The field of Community Psychology is a case in point. As explained by Jason et al. (2016), Community Psychology emerged in the latter part of the twentieth century with the aims of combining “a scientific orientation with collaborative social action in order to empower members of some community of interest and to help them improve their lives (p. 7),” and understanding “the ways that altering specific human contexts (and perhaps the relationships between people and their contexts) alleviates suffering (p. 7).” Even with its focus on the virtuous goal of community empowerment, Community Psychology recognizes that any community comprises autonomous individuals, each of whom inhabits multiple existential contexts relevant to the community conditions they face (e.g., race, sex, gender, sexual orientation, ability, and worldview). Every community’s general character, strengths, and challenges are, in effect, a kaleidoscopic representation of the individual perspectives, predicaments and potential of each community member. Perceived or real threats to the Health-Safety-Integrity, Autonomy, Connection, Competence/Confidence, and Self-esteem/worth of every individual manifest at the community level. Therefore, employing a method, such as the EIM is requisite to a thorough assessment and optimal empowerment at the community level.
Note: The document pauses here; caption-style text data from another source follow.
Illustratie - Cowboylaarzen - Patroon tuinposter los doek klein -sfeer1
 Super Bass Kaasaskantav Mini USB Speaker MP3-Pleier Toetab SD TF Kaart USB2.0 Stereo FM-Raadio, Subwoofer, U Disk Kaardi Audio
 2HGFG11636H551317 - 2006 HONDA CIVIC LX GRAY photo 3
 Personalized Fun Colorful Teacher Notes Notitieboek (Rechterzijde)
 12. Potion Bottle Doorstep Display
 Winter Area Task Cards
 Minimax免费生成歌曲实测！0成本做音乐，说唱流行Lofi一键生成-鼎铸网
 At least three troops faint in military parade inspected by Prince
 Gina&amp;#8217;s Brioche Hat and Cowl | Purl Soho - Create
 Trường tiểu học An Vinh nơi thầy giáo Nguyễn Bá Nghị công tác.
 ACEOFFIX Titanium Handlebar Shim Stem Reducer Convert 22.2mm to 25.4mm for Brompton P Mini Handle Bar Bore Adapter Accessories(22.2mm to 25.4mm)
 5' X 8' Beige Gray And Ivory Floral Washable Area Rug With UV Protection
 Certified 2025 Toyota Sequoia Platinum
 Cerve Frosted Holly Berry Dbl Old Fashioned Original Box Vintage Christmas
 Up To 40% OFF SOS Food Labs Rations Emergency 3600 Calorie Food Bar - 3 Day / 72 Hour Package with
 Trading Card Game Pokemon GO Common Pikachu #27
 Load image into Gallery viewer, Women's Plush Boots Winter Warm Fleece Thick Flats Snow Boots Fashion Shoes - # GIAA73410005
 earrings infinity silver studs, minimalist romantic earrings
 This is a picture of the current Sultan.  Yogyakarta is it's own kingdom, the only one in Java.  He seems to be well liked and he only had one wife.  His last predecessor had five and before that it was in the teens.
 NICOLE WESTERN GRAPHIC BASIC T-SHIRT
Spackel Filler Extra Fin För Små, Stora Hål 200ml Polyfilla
While there have been and likely will continue to be constructions of empathy that diverge from its purest and most useful definition, readers are encouraged to think practically and parsimoniously about this essential concept. Micro (individual/intrapersonal), mezzo (interpersonal and community/group), and macro (structural, institutional, and geopolitical) conflict are progressively challenging and complex. It would be simplistic to suggest that had President Reagan employed empathy in his inquiry into the dynamics of Cold War tensions, the world might be a more peaceful place today, but it is crucial to recognize the potential good that might have resulted had empathy been thoughtfully applied. When interpersonal dynamics—at any level—veer towards enmity, alienation, and hostility, availing ourselves of all possible tools in the service of de-escalation, reconciliation, and peace makes incontrovertible sense. Understood and applied as a way to ascertain the perspectives and motivations that factor into interpersonal dynamics, empathy can be an invaluable tool in the service of intra- and interpersonal peace.